ゲームの事しか書いてない らじてんのブログ。

「ペルソナ5」ネタバレあり感想

 2週間近く、全力でペルソナ5を遊び尽くすためだけに生きたので、燃え尽き具合がすごい。俺です。

 1周目をクリアし、あとは隠しボスだのなんだのをまったりとこなすモードとなったため、ネタバレのえぐい感想を書こうと思う。

 長いよ。

 

 ペルソナ5はクリア直前までネタがびっしり詰め込まれていたため、ネタバレをくらうと楽しみがかなり死ぬと思うから、まだ未クリアの人はこんな反芻垂れ流しを読んでないで、ゲームの世界に帰ってください。

 

 蛇足の考察(ってほどでもない)はこちら。

 

 

プレイ状況

 PS4版をプレイ。

 1周目をクリア。2周目プレイ中。
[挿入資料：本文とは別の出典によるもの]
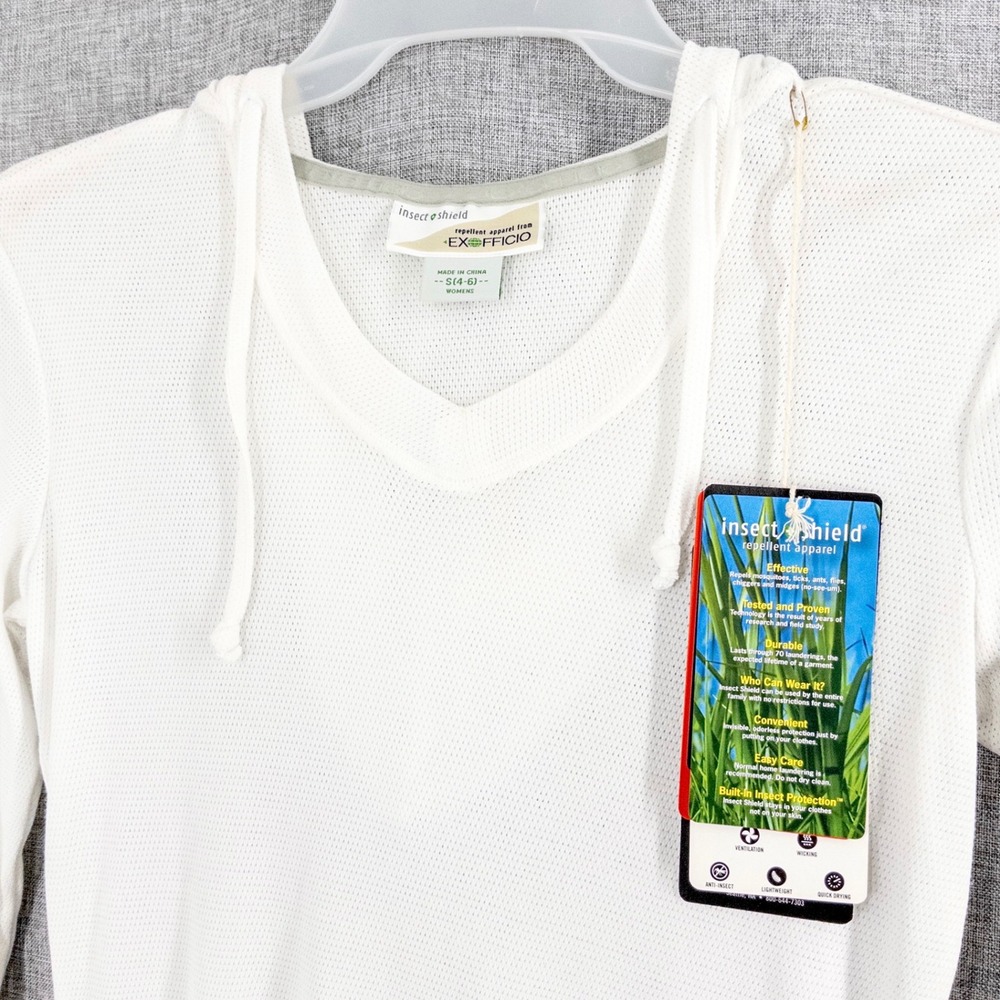 ExOfficio BugsAway Hoodie Women's Small V-Neck White Insect Shield Mesh NWT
初周クリアは100時間程度。

 コープ全MAXはならず(塔・刑死者が残ってしまった)。ヌシ釣り、刈り取る者撃破など、トロフィー要素なども未コンプ。

 P4Gをプレイ時、恋人関係になれるキャラ全員とつきあって修羅場イベントを経た結果、一旦思い入れたキャラをゲームだからと言って傷つけて楽しめるタイプではないと気づいたので、今回は一人だけ付き合って穏やかなエンドを迎えた。

 

 

バトルシステムなどについて

 大まかな感想は、前回書いた「ペルソナ5 ここまでの感想(ネタバレなし)」で書いた内容とほぼ変わらない。

 終盤は、レベルを上げすぎてチャージ物理連発で終わってしまったが、まぁこれはいつもの事と言えばいつもの事…。コープ進行度合いが悪くても詰まってしまわないバランス調整を考えればしょうがないんだろう。というか今作最大の敵はボリュームだろうしな…。

 コープアビリティーが充実した際は、先制銃撃、ハックで逆転包囲、戦闘中バトンタッチ・メンバーチェンジ、交渉でもゴリ押し、さらに雑プレイでもファイナルガードで完全防御するなど、縦横無尽かつ無双なプレイができる*1

 操作は徹底的に遊びやすく、アニメーション、カメラ演出も小気味よく、敵味方共にキャラがしゃべり倒す戦闘は、戦闘終了後の演出がちょっと長い以外は、極めて良好。これ以上の出来は想像できないくらい。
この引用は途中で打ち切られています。